• Source material:
____________
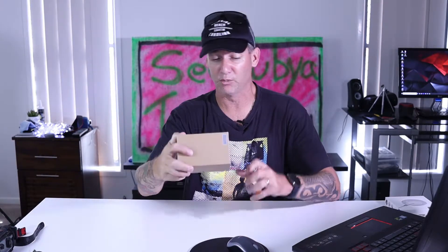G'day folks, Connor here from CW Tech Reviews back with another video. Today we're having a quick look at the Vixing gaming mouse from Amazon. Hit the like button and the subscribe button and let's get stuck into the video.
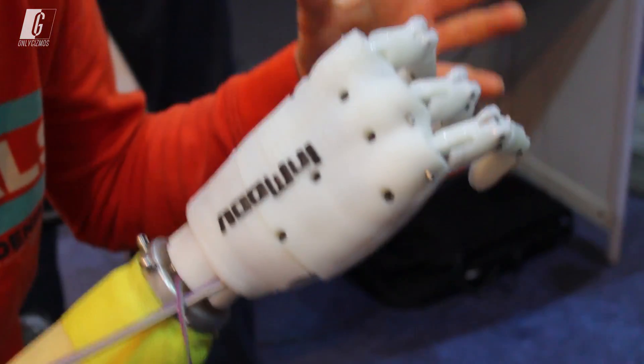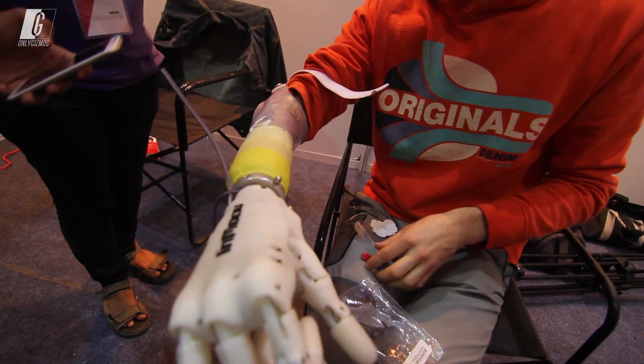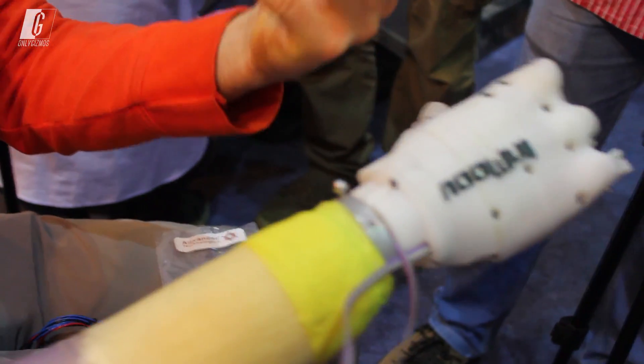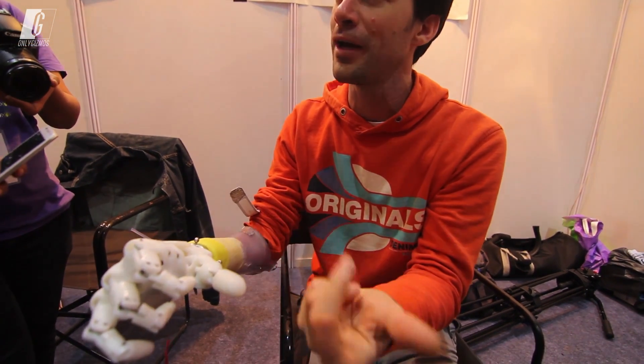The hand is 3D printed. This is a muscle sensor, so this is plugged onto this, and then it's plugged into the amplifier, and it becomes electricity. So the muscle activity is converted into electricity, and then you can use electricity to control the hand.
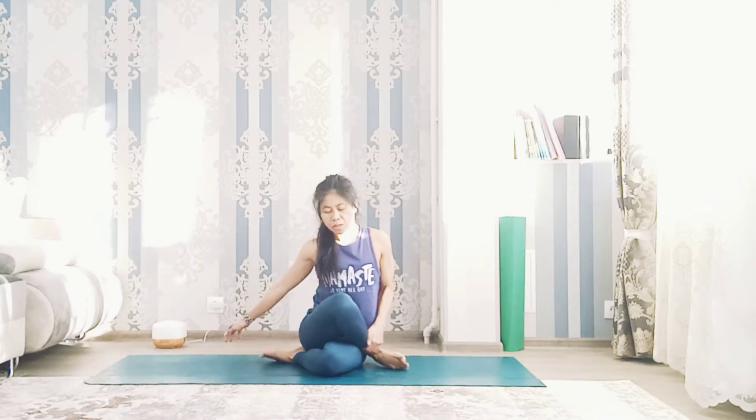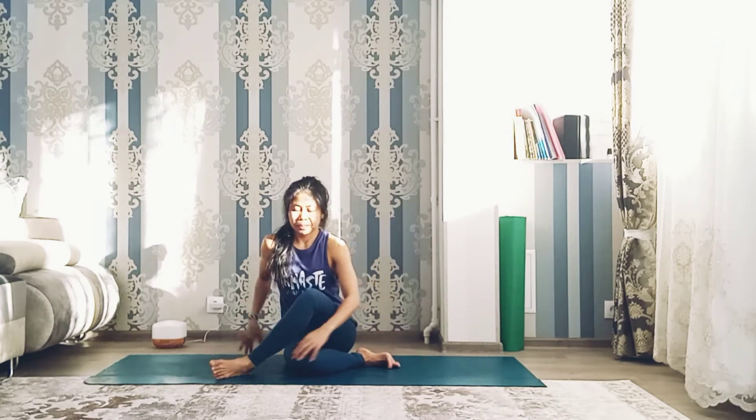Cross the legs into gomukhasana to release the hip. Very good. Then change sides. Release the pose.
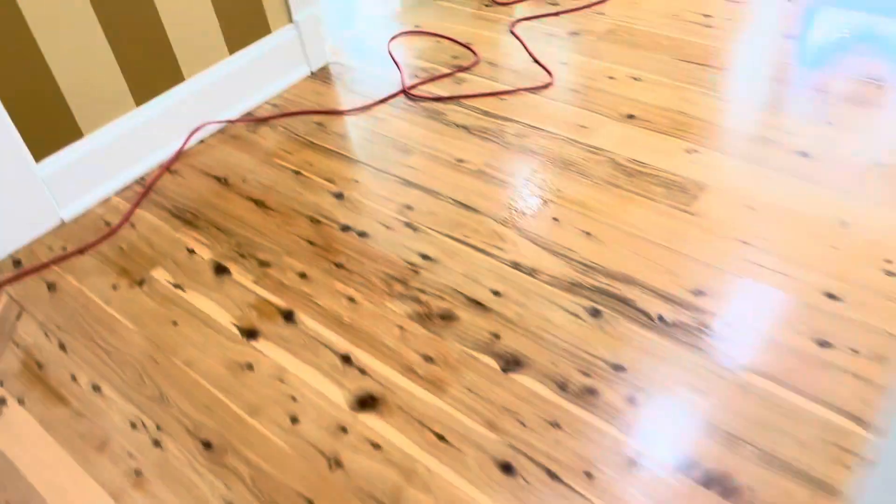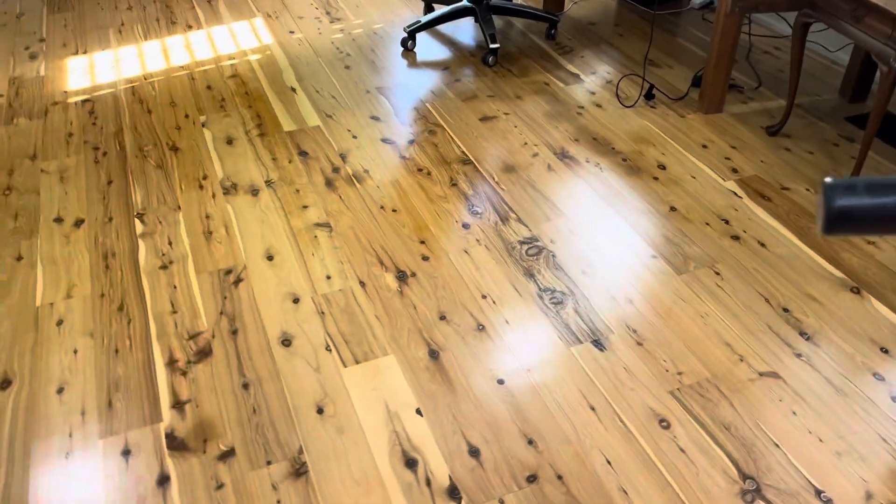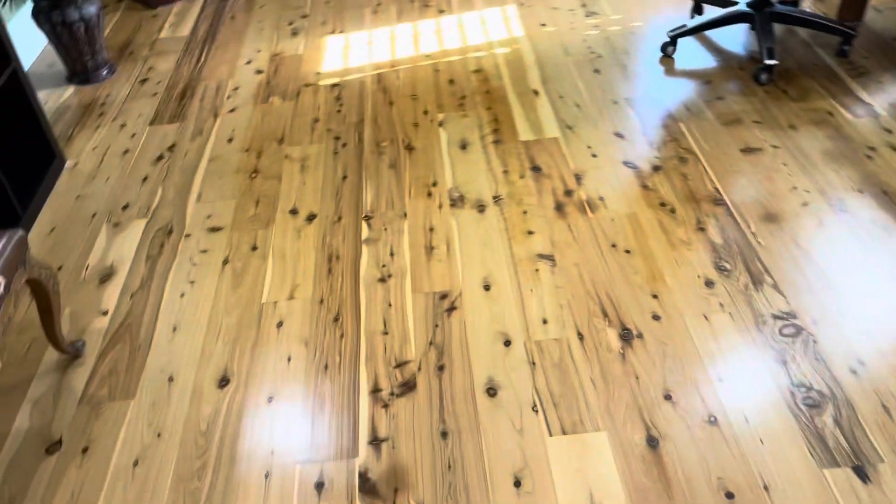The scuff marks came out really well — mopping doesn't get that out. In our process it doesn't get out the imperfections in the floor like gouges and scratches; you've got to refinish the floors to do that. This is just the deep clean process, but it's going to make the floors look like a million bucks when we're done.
____________
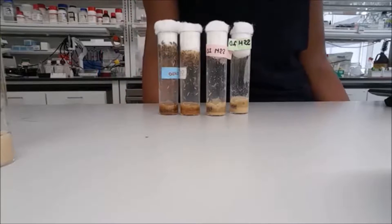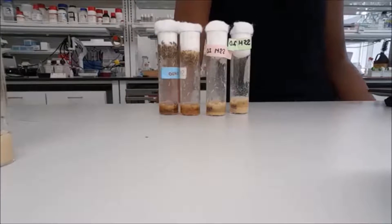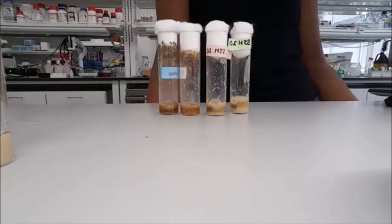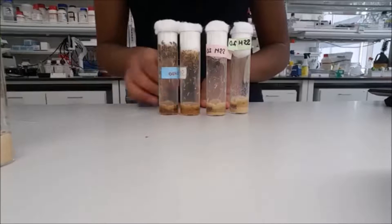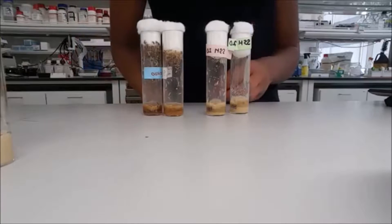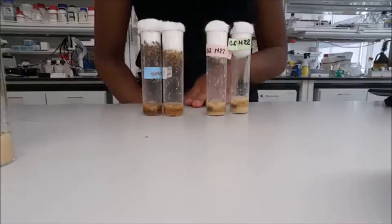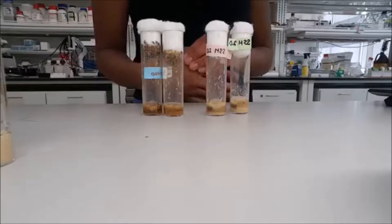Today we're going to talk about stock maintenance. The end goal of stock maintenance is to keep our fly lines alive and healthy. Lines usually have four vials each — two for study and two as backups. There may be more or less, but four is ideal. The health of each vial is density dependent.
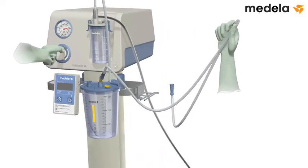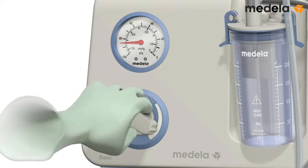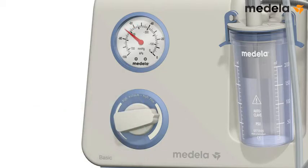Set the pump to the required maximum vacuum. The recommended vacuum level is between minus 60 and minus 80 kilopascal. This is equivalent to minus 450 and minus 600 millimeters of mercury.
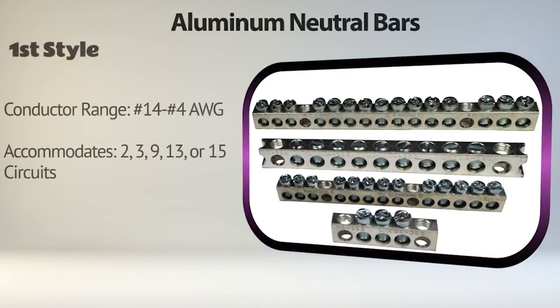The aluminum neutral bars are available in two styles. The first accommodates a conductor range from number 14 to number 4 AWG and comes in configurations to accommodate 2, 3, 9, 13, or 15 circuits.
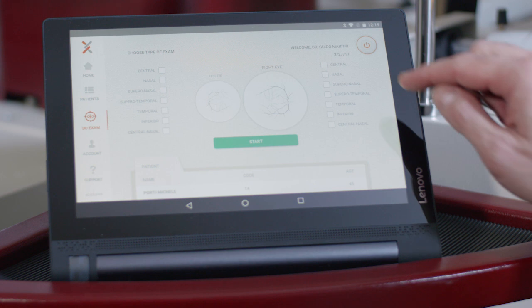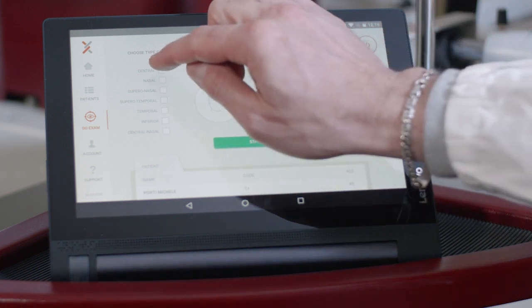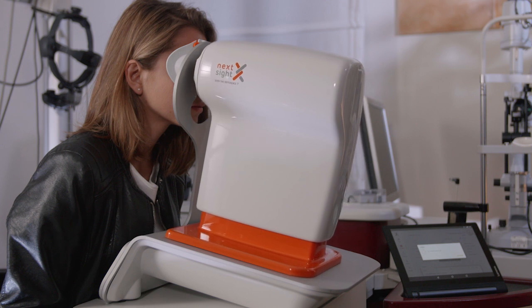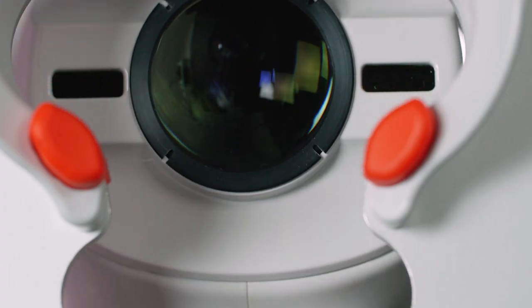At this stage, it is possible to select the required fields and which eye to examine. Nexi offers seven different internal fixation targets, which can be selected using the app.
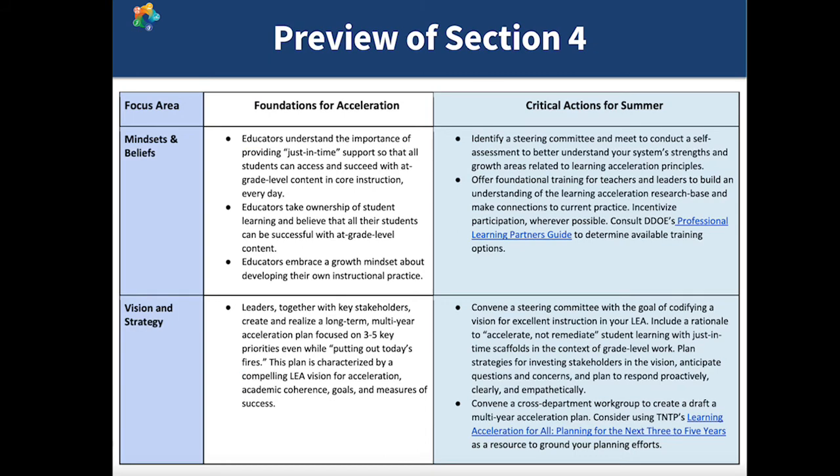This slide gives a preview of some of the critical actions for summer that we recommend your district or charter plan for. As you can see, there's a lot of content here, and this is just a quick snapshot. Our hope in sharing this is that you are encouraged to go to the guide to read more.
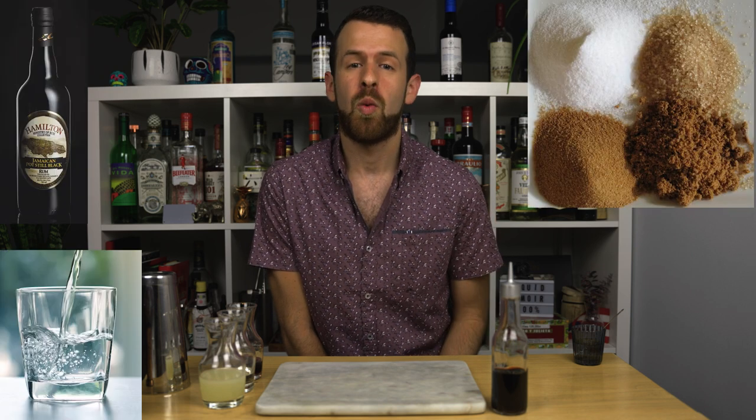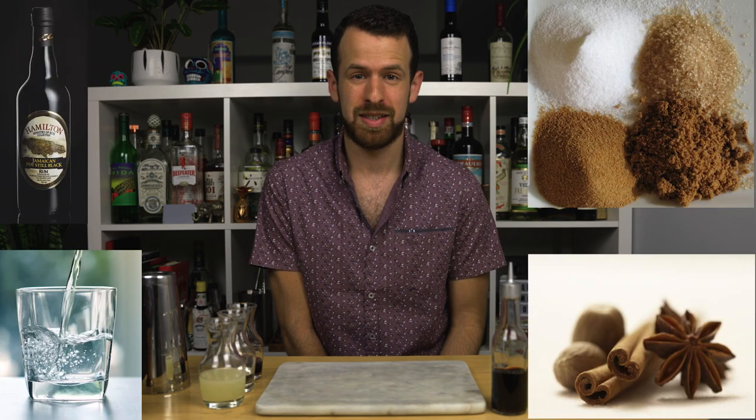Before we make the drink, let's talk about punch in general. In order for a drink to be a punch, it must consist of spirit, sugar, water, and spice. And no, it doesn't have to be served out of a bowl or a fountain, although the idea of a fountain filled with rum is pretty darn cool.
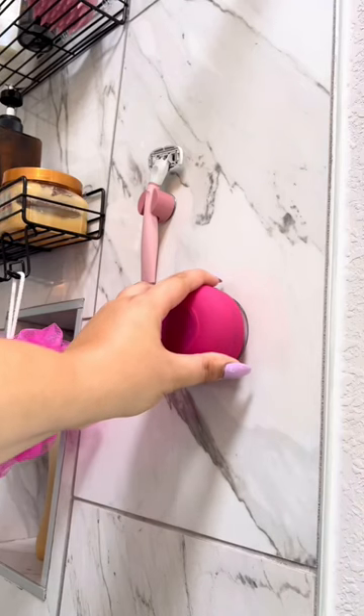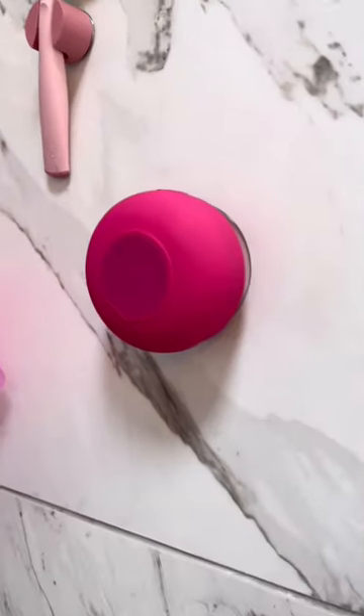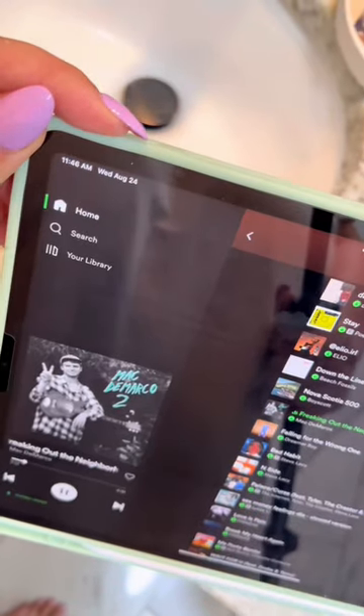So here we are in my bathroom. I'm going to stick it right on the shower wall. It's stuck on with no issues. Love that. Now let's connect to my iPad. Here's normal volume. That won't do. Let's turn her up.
____________
• Task details: Nothing but the lines above from the line with "G'day folks, Connor" up to and including the line with "The scuff marks" should be returned, exactly as written and without pictures.

• Exercise solution:
G'day folks, Connor here from CW Tech Reviews back with another video. Today we're having a quick look at the Vixing gaming mouse from Amazon. Hit the like button and the subscribe button and let's get stuck into the video.
The hand is 3D printed. This is a muscle sensor, so this is plugged onto this, and then it's plugged into the amplifier, and it becomes electricity. So the muscle activity is converted into electricity, and then you can use electricity to control the hand.
Cross the legs into gomukhasana to release the hip. Very good. Then change sides. Release the pose.
The scuff marks came out really well — mopping doesn't get that out. In our process it doesn't get out the imperfections in the floor like gouges and scratches; you've got to refinish the floors to do that. This is just the deep clean process, but it's going to make the floors look like a million bucks when we're done.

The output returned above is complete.